Should activists who have spent years fighting the likes of CCA and the GEO Group continue to focus on these corporate rogues? Or is it time to connect the dots between private prisons and putting the squeeze on the public sector institutions, which, at the end of the day, represent the heart and soul of mass incarceration? The prison-industrial-complex remains an enormous and complicated beast. Fighting to reverse the impact of 30-plus years of mass incarceration and mass criminalization of the poor requires focusing on targets that will fundamentally change the situation. Prison and jail populations must be reduced, and resources must be redistributed away from corrections and policing, and instead toward ending poverty and racialized inequality. Prisons must be closed; new jail construction must be halted; cash bail must be ended; mandatory minimum sentences must be retroactively repealed—with billions of dollars redirected into public housing, jobs, vocational training, education and single-payer health care.

The movement has succeeded in putting these questions on the table, as shown by Yates’ memo. Now the requirement is to push a broad program that builds on the flashy, but small step that the Obama administration has just taken.

As author and activist Dan Berger told AlterNet: “The challenge for people concerned about mass incarceration and human rights remains the same. We have to continue pressing to close facilities, not end contracts. To release people, not move them from one kind of cage to another… We have to double down on our opposition to prisons themselves. Politicians are always looking for ways to satiate popular demands without making structural change. We cannot let that happen.”

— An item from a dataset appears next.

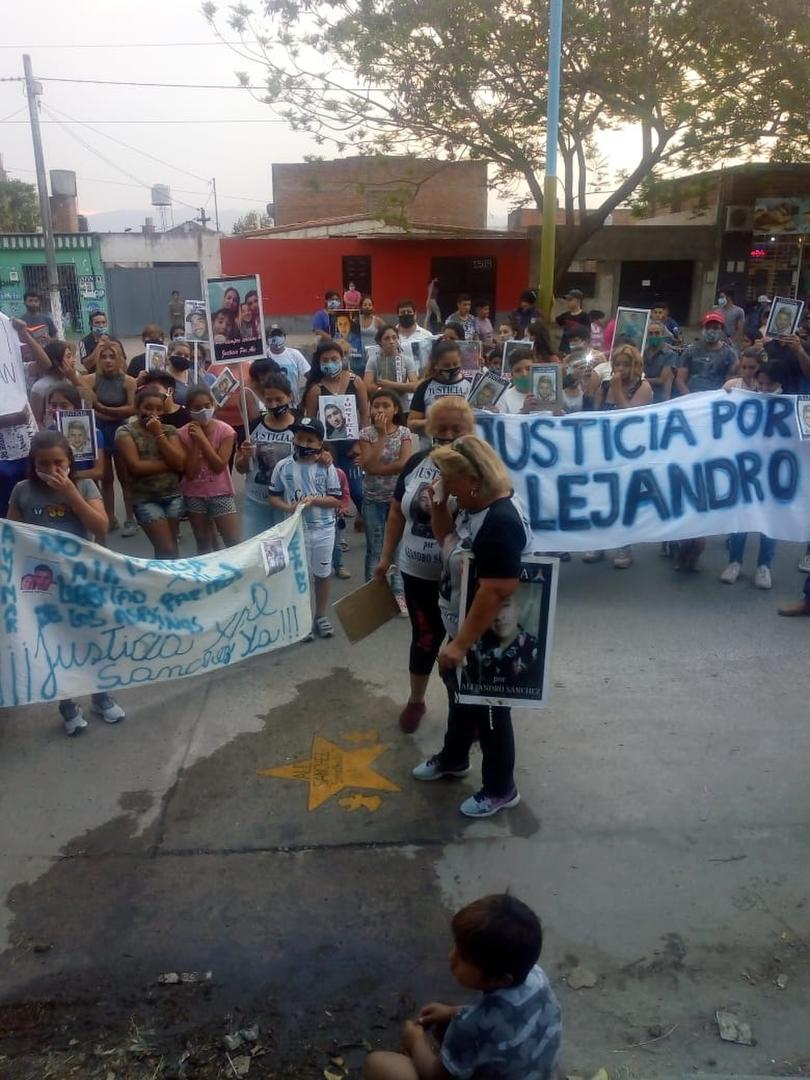 DOLOR. Familiares de Alejandro Sánchez lloraron al ver la estrella que se pintó en homenaje al cadete asesinado.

When the Movement for Black Lives released its platform earlier this month, it demanded federal action “against G4S and other global private prison companies that are profiting from the shackling of our community in the U.S., in Palestine, in Brazil and around the world.” A formal position like this from the largest component of the contemporary black liberation movement indicates demands for structural change, not symbolic gestures, will be the wave of the future.